Fronto turned a withering gaze on Antonius. ‘Do you never stop?’

‘One of the advantages of a strong constitution and a position in command is that I never really have to. Similar tales are told of you, you know?’

‘I can hold my own, but I do like to have a day off occasionally to rest. Anyway, the answer’s no. I want nothing more than to fall face down on my bunk and drool into my pillow. Find Priscus. He’ll want a drink after watching the men ruin his carefully laid camp plans, mark my words.’

Antonius gave a low chuckle as they passed the first groups of workmen, crossing the causeway that overlaid the already-excavated ditch.

‘Why do you hate Crassus?’ the man said suddenly. Fronto blinked.

‘What?’

‘Crassus. I’ve seen the way you look at him, as though you’d trodden in something distasteful.’

Fronto shrugged, too tired to maintain a civil fiction. ‘I don’t, really. I sort of resent him, is all.
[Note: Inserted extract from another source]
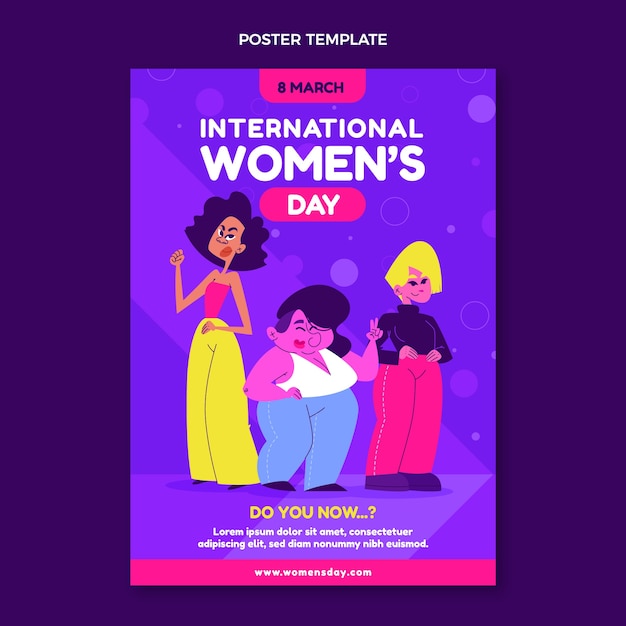 Vector flat international women's day invitation template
He’s young and pleasant and not half as vicious or grasping as the rest of his family, and there’s nothing about him to dislike. But he commands my legion.’

Your legion?’

‘The Tenth. I know, I know,’ he said quickly. ‘It’s the Proconsul’s prerogative to select his legates, but I commanded the Tenth long enough that they’re like my family. It’s like watching your children with another father.’ He frowned, wondering where that analogy had sprung from, given that he had no children. Well, not yet, at least. He fought down the rising image of a pregnant Lucilia with difficulty. ‘I keep waiting for Caesar to call me in so that we can talk but he seems to have no interest in speaking to me at all. And as long as I’m on the periphery, I’m just along for the ride. I’m no use to him without a legion. You know that.’

‘I know. Give it time. I keep speaking to him, but Gaius is stubborn; you know that. I will get you your command in time. Maybe even the Tenth, but be patient. Let me work on him.’

‘Thanks.’

He reined in Bucephalus as he rounded the tent of another officer and beheld his own small empire. The big black steed huffed in irritation and stepped high in place, itching to exercise more, having been restricted to a plod on the march. As well as Fronto’s tent and the smaller one that belonged to Masgava and Palmatus, another tent was busy rising in the lee of his own — a traditional legionary soldiers’ tent.

‘It appears your entourage grows,’ mused Antonius. Fronto frowned at the men hauling the leather sections into position and tying them into place. Though they all wore military-style tunics, they were plain off-white wool rather than the russet colour favoured by Caesar’s command. Some of the men were of Roman origins, as was obvious from their swarthy appearance and neatly-trimmed military haircuts, but three of them appeared to be Gauls stuffed into Roman uniform. Not drawn from the Gallic-blooded legions, though, since they had now all adopted the Roman model at their officers’ urging. So these three must be from the native auxiliary cavalry units.

‘Eight men. A contubernium of the most mixed variety,’ Antonius said with more than a hint of curiosity in his tone.

As they watched, Palmatus appeared from his tent, dressed in a similar colourless tunic, with a well-used but well-maintained mail shirt over the top. Fronto couldn’t help but wonder how the ex-legionary had managed to come by a good mail shirt here. He didn’t have that much money and now that Cita was back in charge of the quartermasters there was more hope of the outspoken Roman growing a second bumhole than persuading the supply officers to give out a freebie.